A Food Power School took place at IMMA over three weeks as part of A Fair Land to re-discover the power in domestic life. In this blog, Sophianne Lubasa, who took part in week two, tells us about her experience at the school where she learned about the harvesting, preparing and cooking of courgettes from the crop in the courtyard to the lunch diners at the OR/AND table. All activities in the Food School were closely guided and mentored by the Fair Land Team making the food. Pictured below Sophianne tells about the school in her own words.


Leah Whelan, Sophianne Lubasa and Béibhinn O’Hair, at the Food Power School as part of A Fair Land.

I was lucky enough to take part in ‘A Fair Land’ at IMMA recently. I thoroughly enjoyed the four days and was delighted to write this blog detailing my experience when I was asked to!

The first day:

On the first day the four of us met Mark Maguire from IMMA’s Engagement and Learning Team in the reception at IMMA. He spoke to us about IMMA and explained we were going to participate in the food school for the four days. He also explained about the other workshops taking place. Mark then brought us to meet Adam Sutherland, Grizedale Art’s director, who was the coordinator for the day. Adam showed us around and gave us a real feel for what A Fair Land was all about.

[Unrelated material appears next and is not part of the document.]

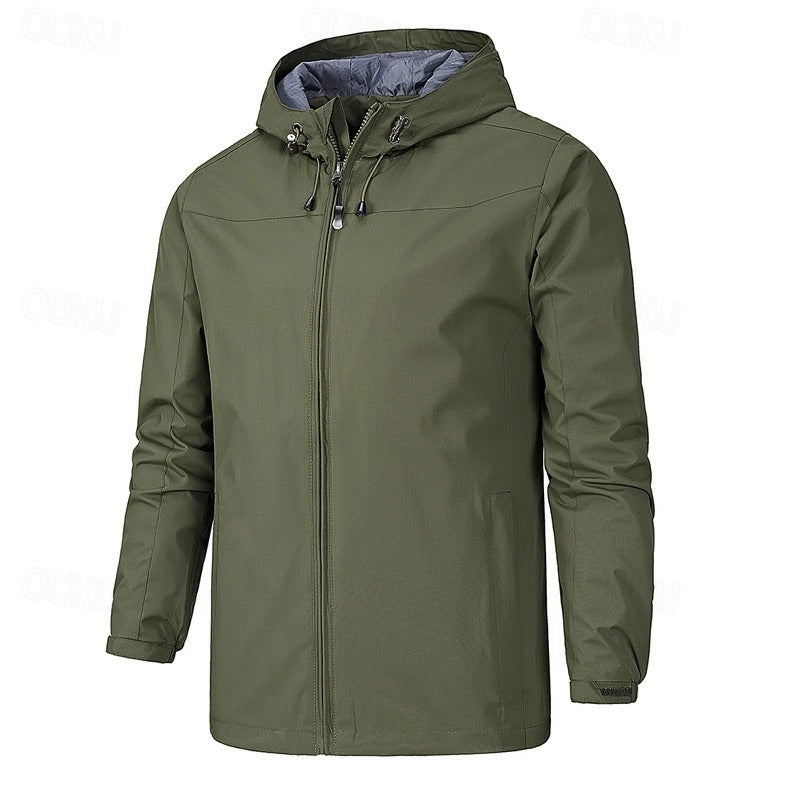 Pánská zimní lyžařská bunda s kapucí | Outdoor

IMMA’S courtyard was transformed into a village where visitors were able to partake in making aprons and bowls. They were also able to enjoy the food being made using the courgettes grown at IMMA. We picked the courgettes and courgette flowers which were growing in the middle of the courtyard. We observed the cooking on the first day and helped Adam with the setting up of the lunch. The lunch consisted of courgette based dishes and all of the plates and bowls were made at IMMA. We then got to sit down for lunch ourselves. The first dish was a delicious oriental soup with courgette noodles. After that we had a lovely courgette salad with buckwheat, dill and feta cheese. Lastly we had courgette cake which was so moist and didn’t taste anything like courgettes!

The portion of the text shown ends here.